Brighton is the perfect setting for books that depict the darker side of the human psyche, as writers like Green, Patrick Hamilton and Peter James have shown, but when I set out to write my first crime novel I turned to the beautiful but desolate beaches North Norfolk for inspiration. Why? Well partly because my heroine, Ruth Galloway, is an archaeologist and Norfolk is full of long-buried bodies, but also because Brighton still seemed too safe to me. It was home, a cosy and welcoming place. I couldn’t imagine setting a murder there. Norfolk, on the other hand, seemed strange and somehow other. I could appreciate its beauty but I could also see the potential for dark deeds being committed there. After all, from the garden of Eden onwards, there’s something compelling about evil things happening in beautiful places. With one exception, the Ruth books are all set in Norfolk and, over eight books, I have explored the eroding coastline, historical Norwich, the pilgrimage site of Walsingham and sundry places in between. I haven’t used up East Anglia by any means but I began to hanker after writing a book set in my home town.

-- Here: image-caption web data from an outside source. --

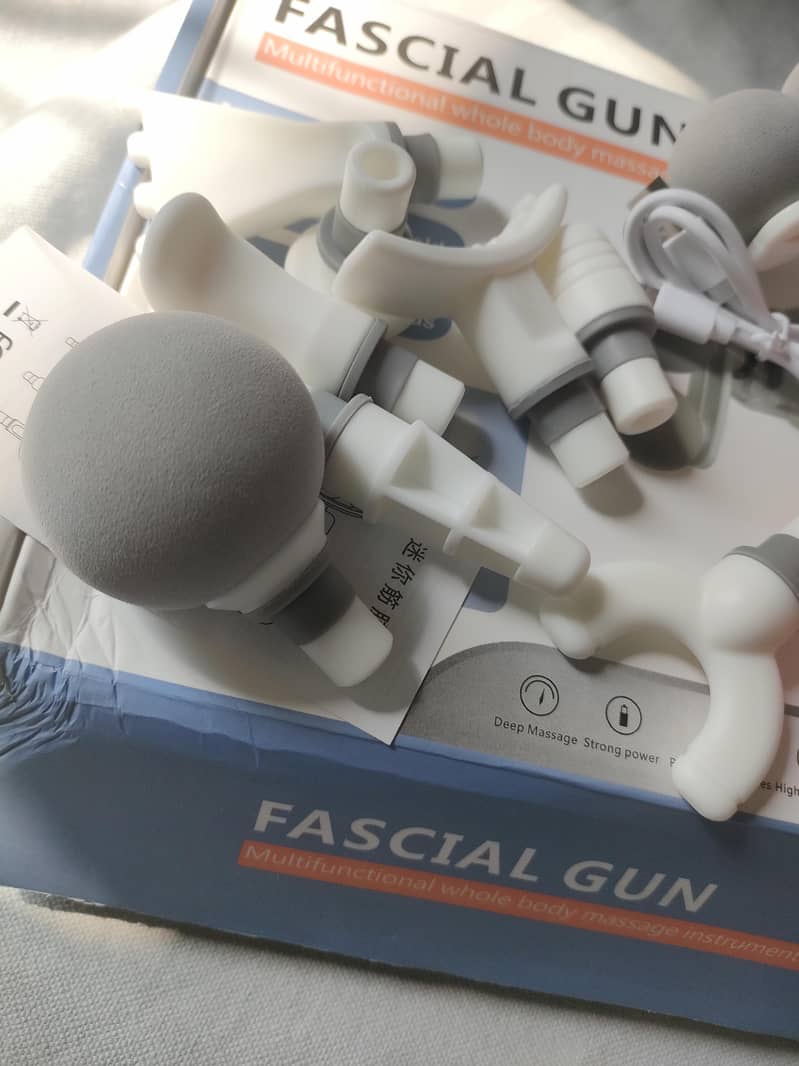 Massager 9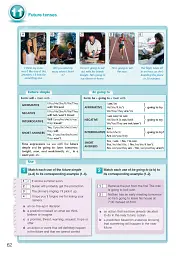 It's Grammar Time 4. Student's Book (with Digibooks App) - Дженні Дулі - мініатюра 2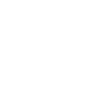 Small business image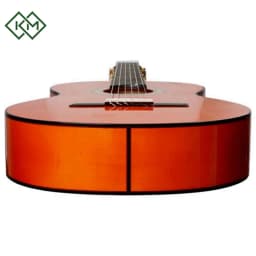 guitar-classical-flamenco-guitar-alhambra-4f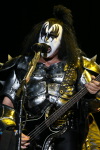 KISS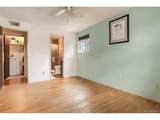 13241 Asbury Dr - Photo 13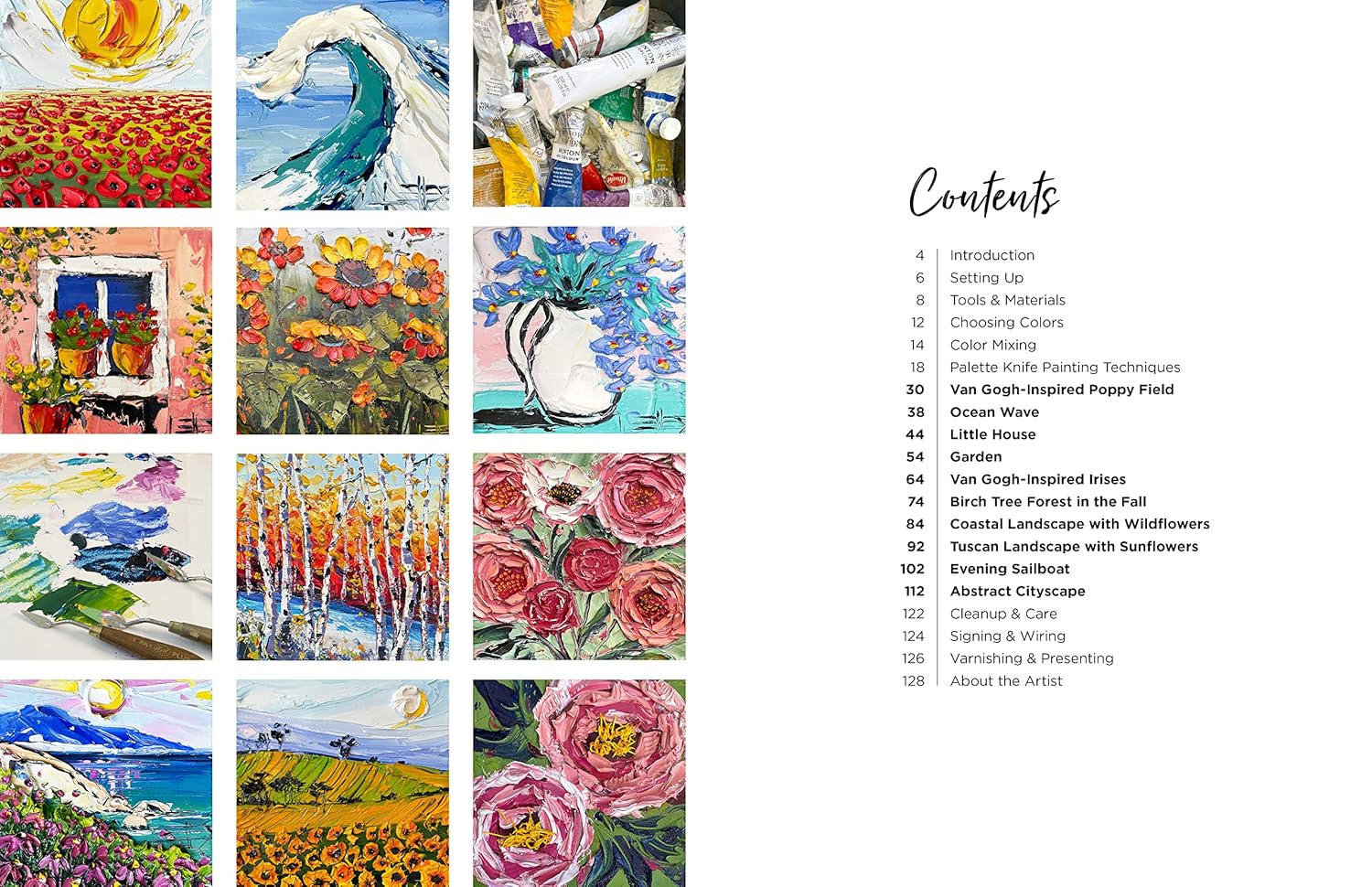 Translation missing: en.sections.featured_product.gallery_thumbnail_alt
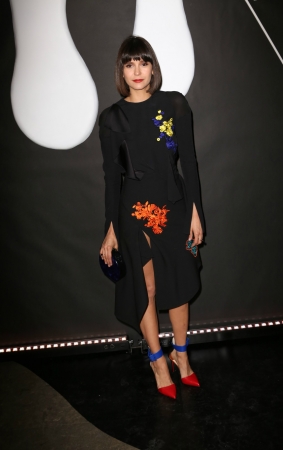 Nina_Dobrev_-_2017_Whitney_Art_Party_36~0.jpg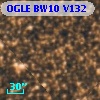 OGLE BW10 V132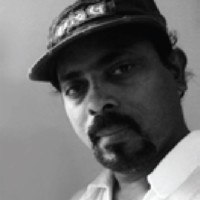 Prem Chokli Profile Picture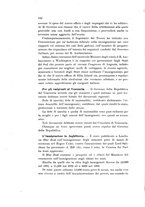 giornale/RMG0024510/1894/unico/00000612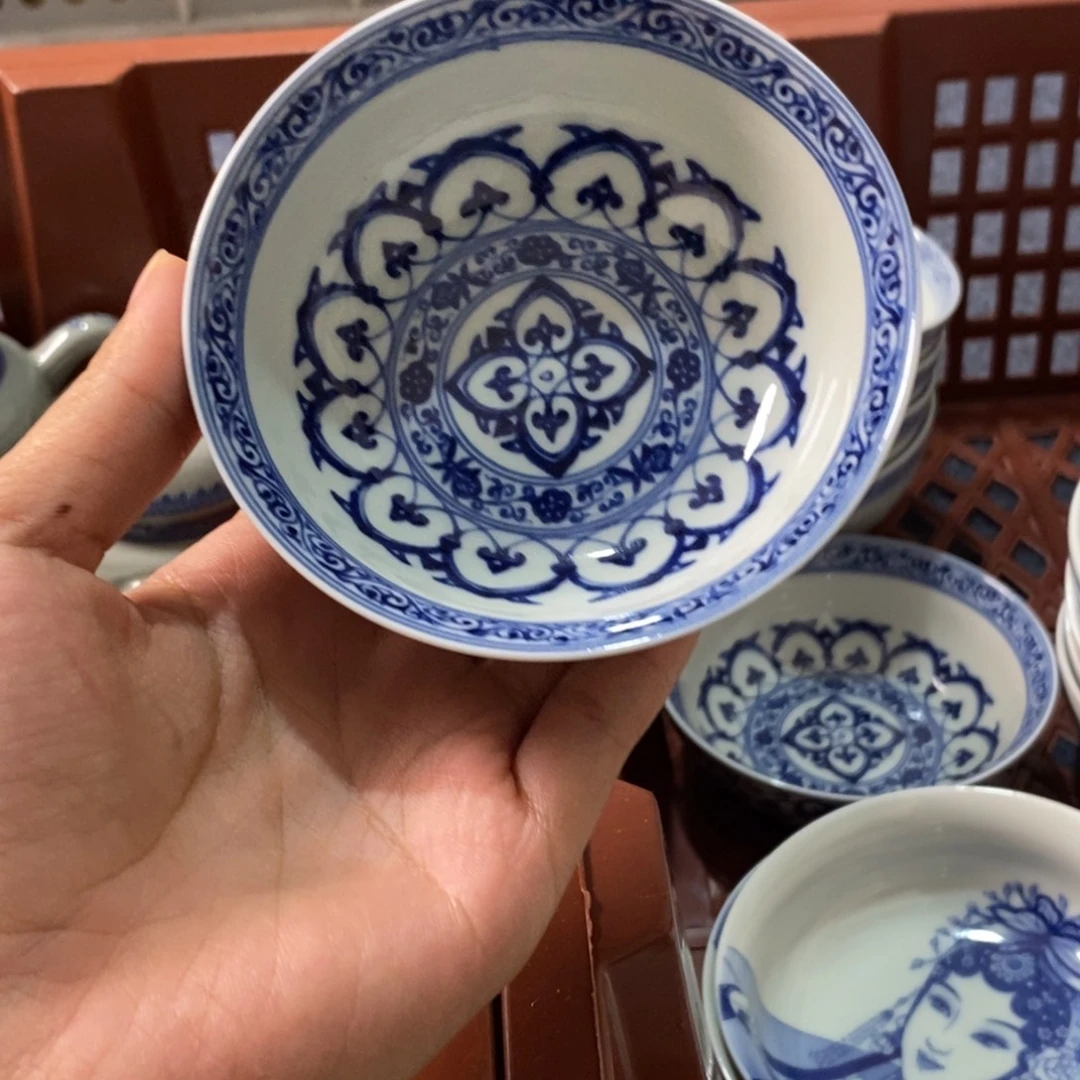 杯子杯子杯子杯子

It was the Variety that came to my rescue. My grandfather, a Music Hall comedian, left me his playbills when he died and, looking at the names – Raydini The Gay Deceiver, Lou Lenny and her Unrideable Mule, Petrova’s Performing Ponies – I began to conceive the idea of setting a series in the 1950s, in the dying days of Variety. And where better to base this series than in Brighton? Modern-day Brighton might seem cosy to me - a delusion, as my friend the ex-Police Chief Superintendent Graham Bartlett always tells me – but the past was a different place altogether. I could just imagine murders being committed in those theatrical boarding houses, backstage at the Hippodrome or even in the sinister underground police cells at Bartholomew Square. I immersed myself in the 1950s and wrote The Zig Zag Girl, the first in the Stephens and Mephisto series.

I’m now writing the fourth Stephens and Mephisto book and the ninth in the Dr Ruth Galloway series. It feels like a good balance to me. The Norfolk books, which are concerned with the distant past, are set in the present. The Brighton books, about the 1950s and the challenges of the future, are set in the past. And I can live happily with my delusion that Brighton is a safe and cosy place to live.



 


Elly Griffiths is a prolific writer of bestselling crime fiction. The Sunday Express described her writing as mixing 'cosiness and sharpness...in a way that recalls the best of Agatha Christie'. She is the creator of the Stephens and Mephisto series, the third installment of which is The Blood Card, which is new to hardback. 



Main Image: Not in the Spotlight, The Old Pier, Brighton (c) Caroline Granycome

Comments

TheBookTrail

Isn't it chillingly good to read about the dark side of a place and then visit that place? Everywhere has its good and bad side but in the hands of a fiction writer, watch out!